Say they have a full season together to learn, scheme, and mesh. How good would they be in their second season?
I am assuming that Pop would do a better job of reigning in all the iso play that the Clippers currently live and die by. He would also be better at finding which rotations work.
I would also hope that the stars respond better to his coaching? Either they will play as a team or they will implode. I suppose both possibilities are likely considering the players.
Are they a playoff team? A contender?

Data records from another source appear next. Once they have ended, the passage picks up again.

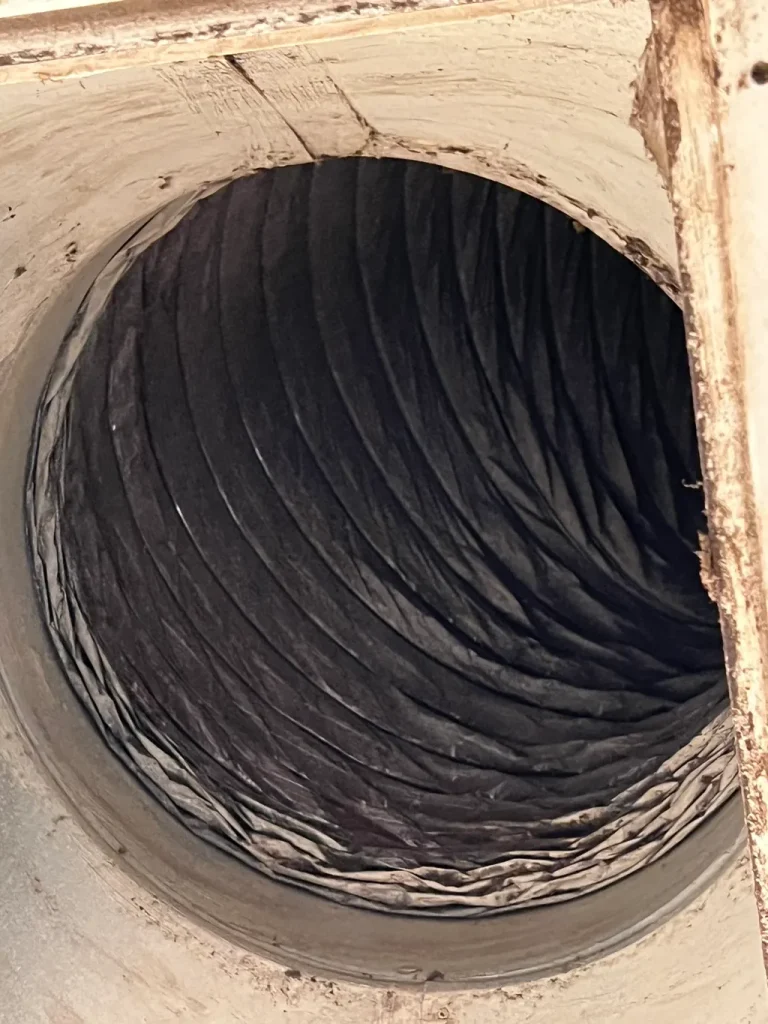 Air Duct Cleaning in Madison, NJ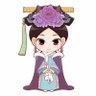 Yun's profile picture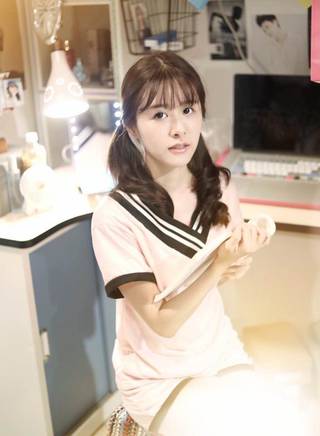 何文意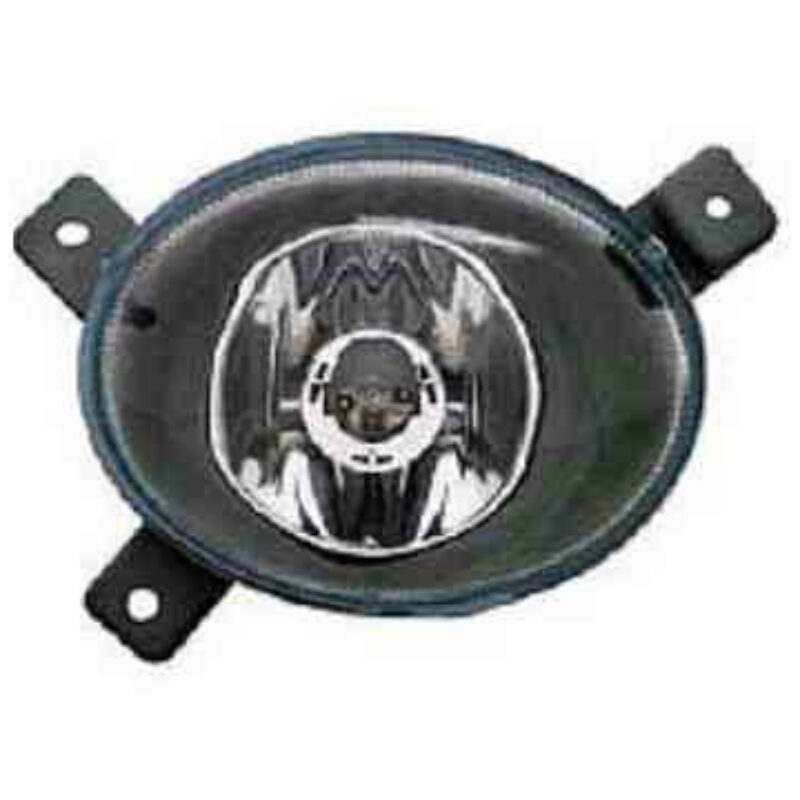 Faro Antiniebla Izquierdo Volvo S60 año 2000 a 2004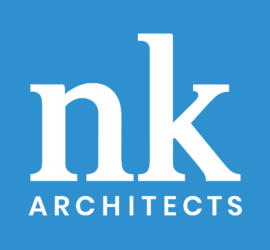 NK-Logo-WHITE-on-BLUE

Would everyone clash with his coaching style and end up rebuilding by the end of the season?
Kind of comes down to two trains of thought.
Some here will argue pop hasn’t had to deal with a ton of egos. (I don’t really agree)

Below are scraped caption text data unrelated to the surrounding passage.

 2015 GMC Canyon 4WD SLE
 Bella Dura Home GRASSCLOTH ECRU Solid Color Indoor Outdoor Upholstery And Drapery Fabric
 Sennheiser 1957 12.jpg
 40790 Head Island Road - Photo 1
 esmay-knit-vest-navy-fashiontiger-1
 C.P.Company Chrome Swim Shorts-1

Some will say pop did an excellent job managing egos, hence why we didn’t hear a ton about it during the 2000s and 2010s. (More inline with this, when you think about some of the guys who left SA and immediately had issues gelling into a new crew.
I think it’s the 2nd option. In regards to that question.
The other bit is what pop is trying to execute game to game offensively and defensively.
I think pop would get a lot out of PG13 and Kawai when they played especially defensively, maybe even the other two situationally.
Offensively, I have no idea what would happen, what principles he would emphasize or try to atleast, how much buy in he’d get from the big four. The rest of the lineup would likely benefit from him.
I am don’t think the game has passed pop, but it’s been interesting watch him try figure out how to use wemby currently. He obviously knows at base value, what he has, I am not sure he knows what he really wants to do to fully extract wemby (who does though…)
Using more common player archetypes with the modern game (the four players on the Clippers), I think he would get something out of the team. Not sure it would be all four at once.
Would it be better than TyLou? I have no idea, he gets a lot of stick, that roster has had a lot of turnover and he always eventually gets it going.
Very chicken and egg situations. IE is it the players or coach in both situations.
Funny how so much of the blame goes on the coach. Remember all the articles about how Lue was a genius mastermind who remembers every play?
GMs escape so much blame. Clips roster is pretty hilarious. Not only are they full of ISO heavy offense, their defensive players always specialized in ISO defense. Without a premier defensive big, it’s pretty much doomed.
The Lebonbon Heat had difficulty getting just three stars to mesh, but they at least had a clear totem pole with Lebron as the head and Bosh being humble enough to focus on chemistry.
Heat are a great example. I remember them at like 9-9 or sub .500 after 20 games the first year. It came together. Not even saying this will work out for clips, but that the growing pains are normal.